Set down, exactly and only, everything from the line containing "Red Tulips and Fresias" down to the line containing "V210-2671076-89379-00 18th Birthday" in the data below; the pictures are not part of the copy.

Data shown
● ● ● ●
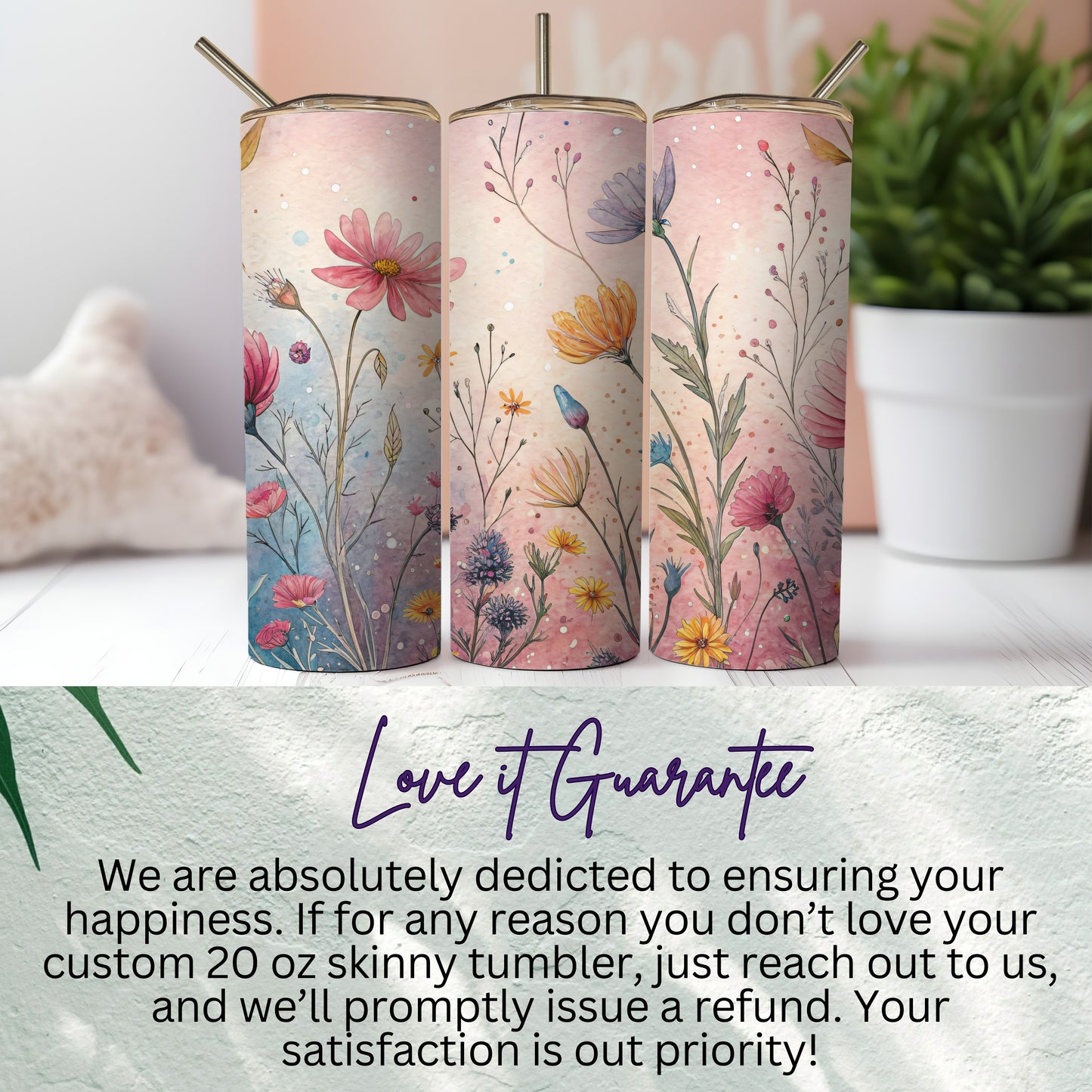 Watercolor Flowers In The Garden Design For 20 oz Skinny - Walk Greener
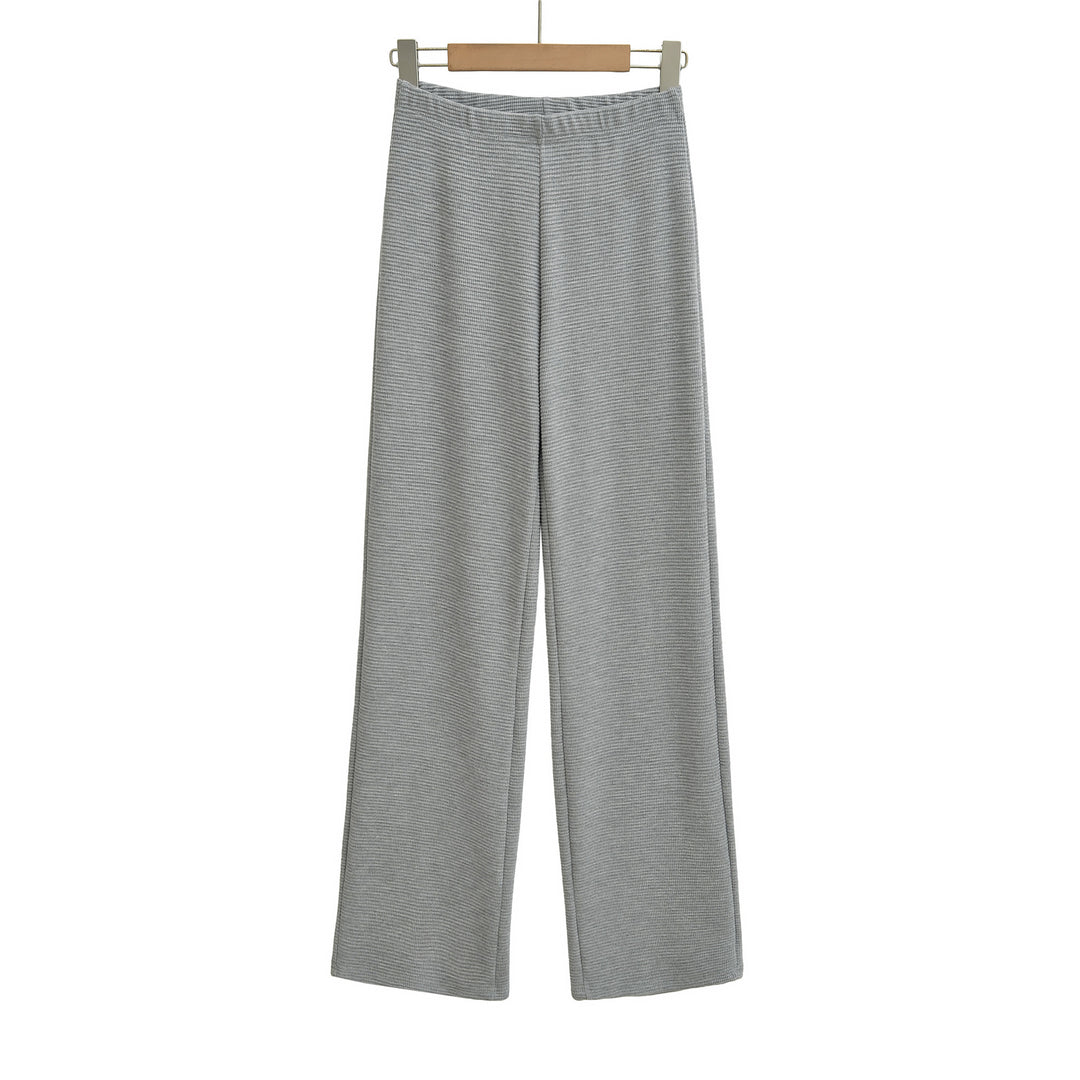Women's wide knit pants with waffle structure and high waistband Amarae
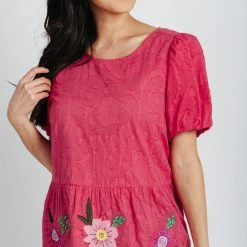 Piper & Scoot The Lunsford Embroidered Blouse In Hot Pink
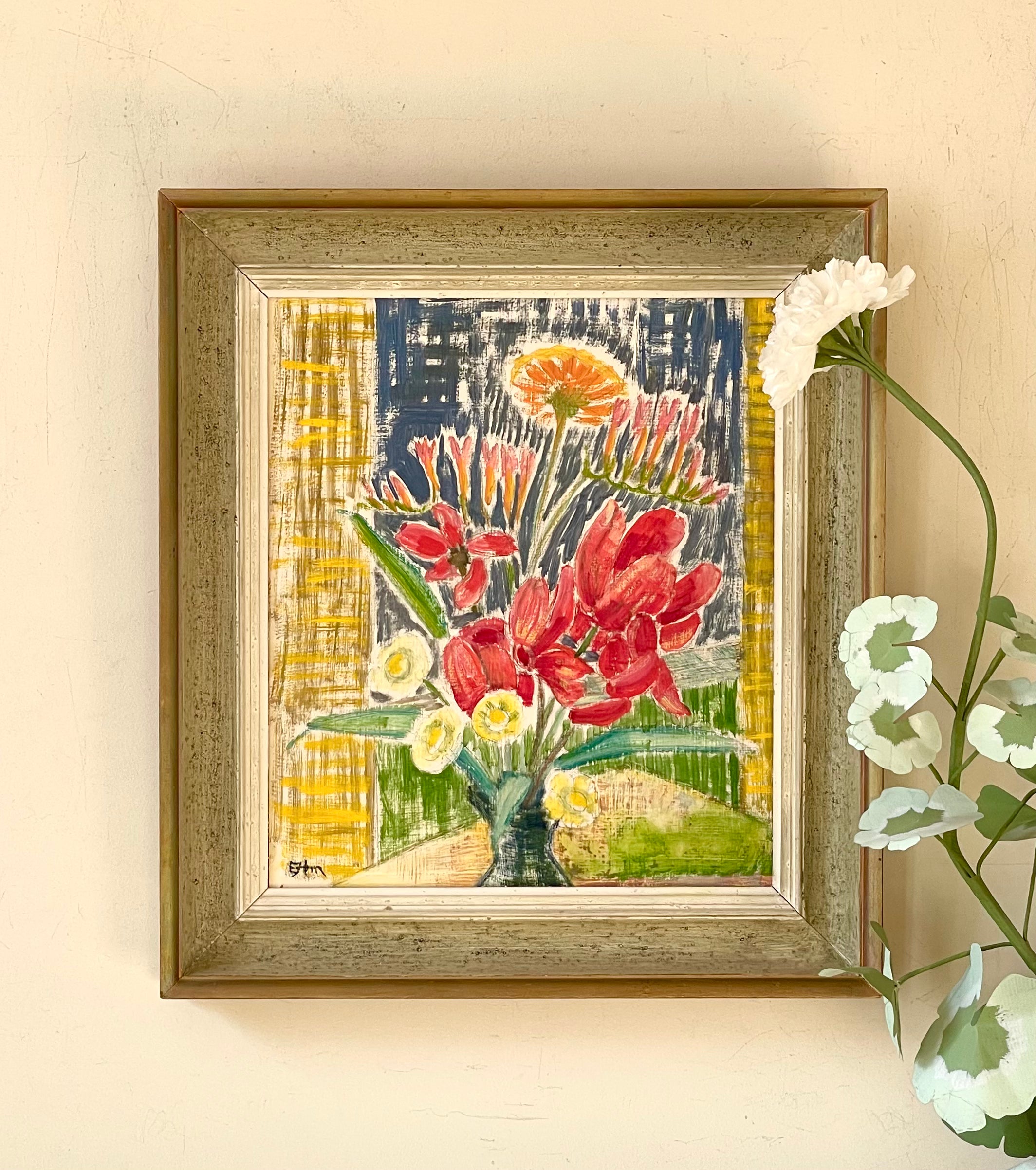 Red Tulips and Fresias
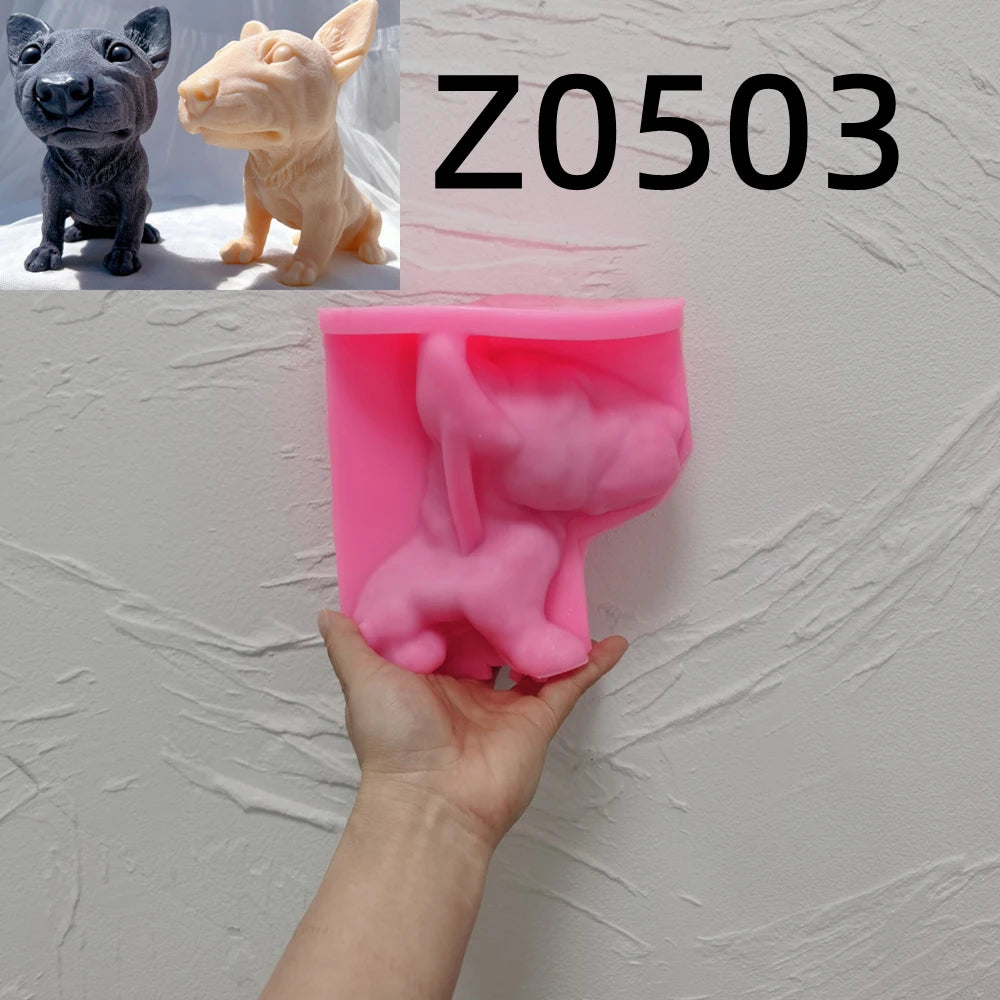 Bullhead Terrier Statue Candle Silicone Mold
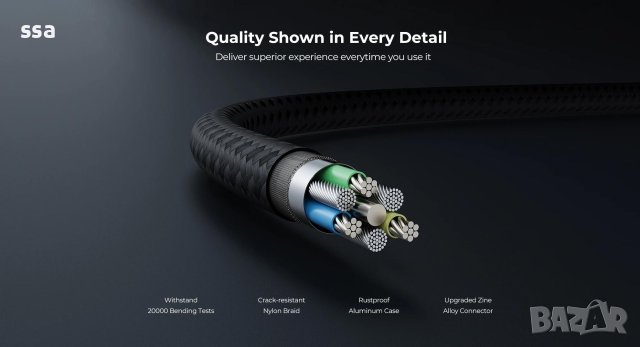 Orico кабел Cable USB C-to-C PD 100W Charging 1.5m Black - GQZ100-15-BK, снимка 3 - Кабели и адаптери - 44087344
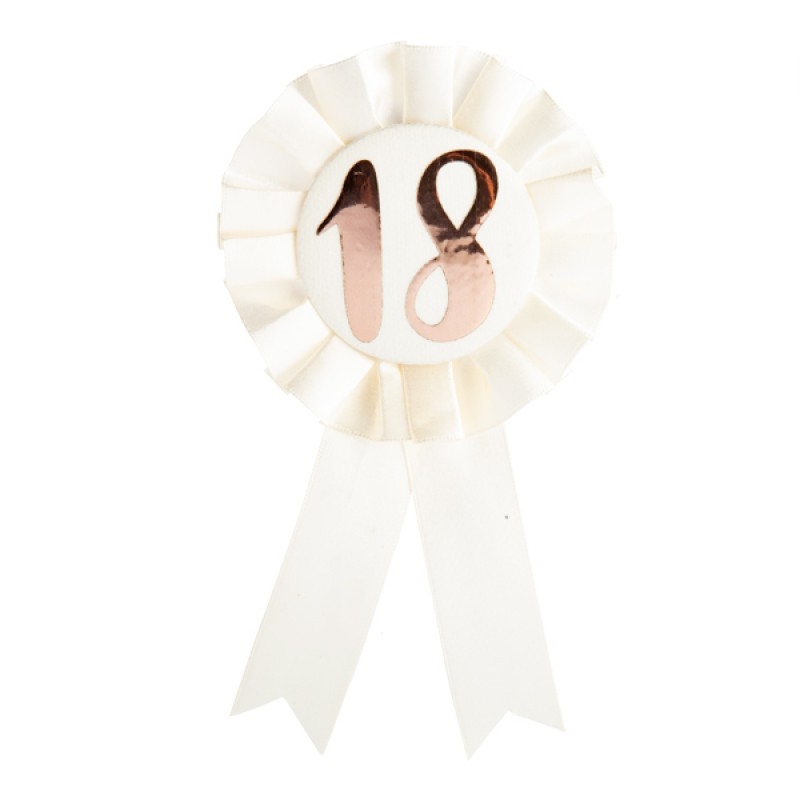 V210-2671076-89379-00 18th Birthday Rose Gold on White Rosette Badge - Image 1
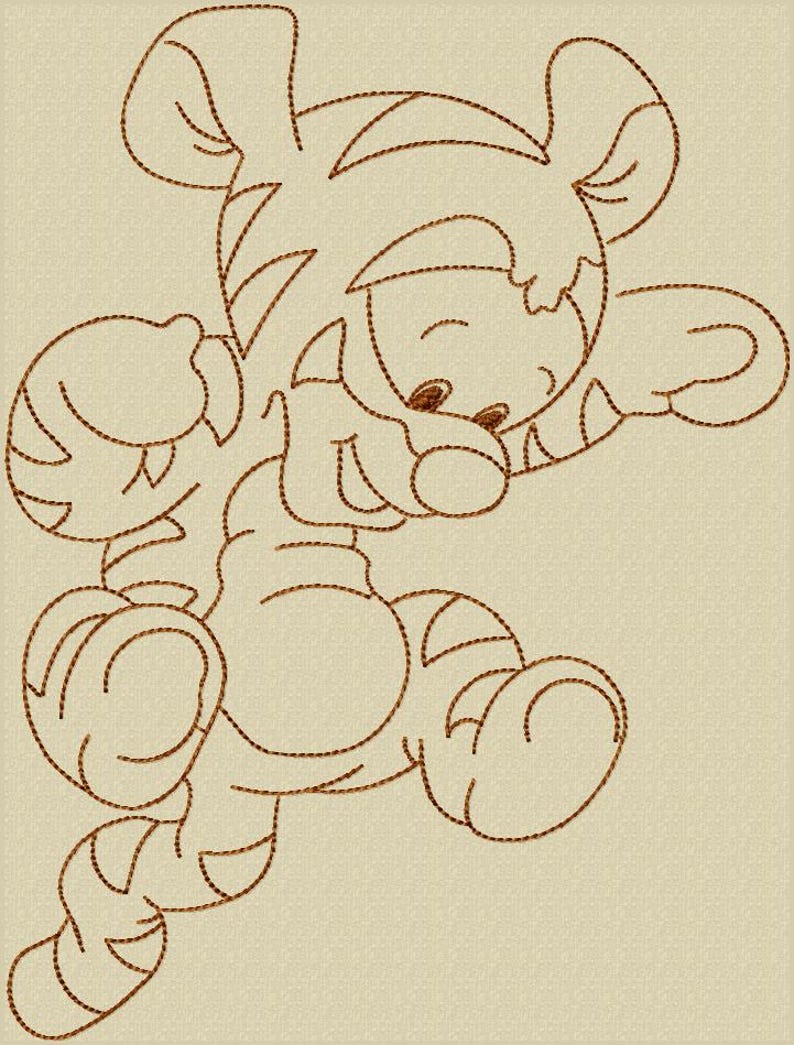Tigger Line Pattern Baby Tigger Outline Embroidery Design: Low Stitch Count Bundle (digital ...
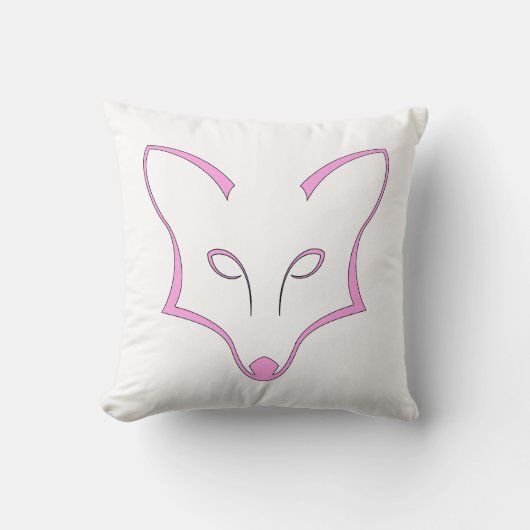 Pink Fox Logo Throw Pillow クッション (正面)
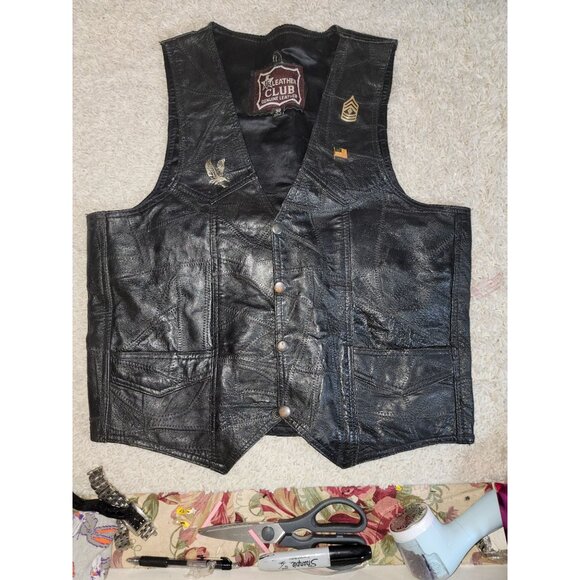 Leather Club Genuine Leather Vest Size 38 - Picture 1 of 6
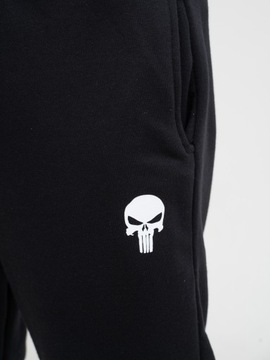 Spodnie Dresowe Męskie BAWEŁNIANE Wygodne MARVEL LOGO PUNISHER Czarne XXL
● ● ● ●
Response to the exercise
 Red Tulips and Fresias
 Bullhead Terrier Statue Candle Silicone Mold
 Orico кабел Cable USB C-to-C PD 100W Charging 1.5m Black - GQZ100-15-BK, снимка 3 - Кабели и адаптери - 44087344
 V210-2671076-89379-00 18th Birthday Rose Gold on White Rosette Badge - Image 1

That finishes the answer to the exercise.